“Are you an elder, then?”
“I suppose,” her father said.
“If you grew up with the elders, why do you have to look at archeology to learn about them?” Em asked.
“I learned our stories from the elders,” he said. “I want to learn our truth.”
“Truth again,” she said.
“It’s a family thing,” he said.
“It’s not an immortal thing?”
“No,” he said. “It’s our thing.”
“But I thought you didn’t think I was your child,” Em said.
“I didn’t,” he said.
“Then why . . .?” She stopped talking when he smiled.

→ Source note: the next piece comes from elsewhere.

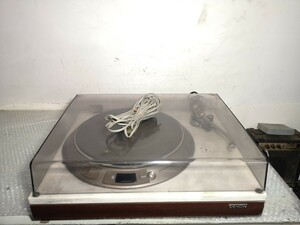 DENON DP-1800 ターンテーブル ジャンク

“You were like this as a child,” he said. “You needed truth. I thought we had raised you with the truth, so you longed for it. Truth is like bedrock. When you have it, it’s all you want.”
He shrugged.
“I wasn’t thinking well that day,” he said.
“Why?”
“The only child I had ever been father to was leaving with an imbecile for a new colony fraught with savages, wars, violence, and pedants like Henry Rich,” he said.
She smiled. A wind blew off the sea. For the briefest moment, she felt as if she were standing on the deck of the ship that took her to America. In a blink, she was sitting with her father on Rousay again.
“It will be hard for me to let you return to your beloved Boston,” he said.
“I guess I was hoping I’d meet my people,” Em said in a low voice.
“There aren’t as many of us now. ”
“Why?” Em asked.
Her father sighed and shook his head. He turned his body away from her to look at the ocean.
“Why aren’t there more of us?” Em repeated.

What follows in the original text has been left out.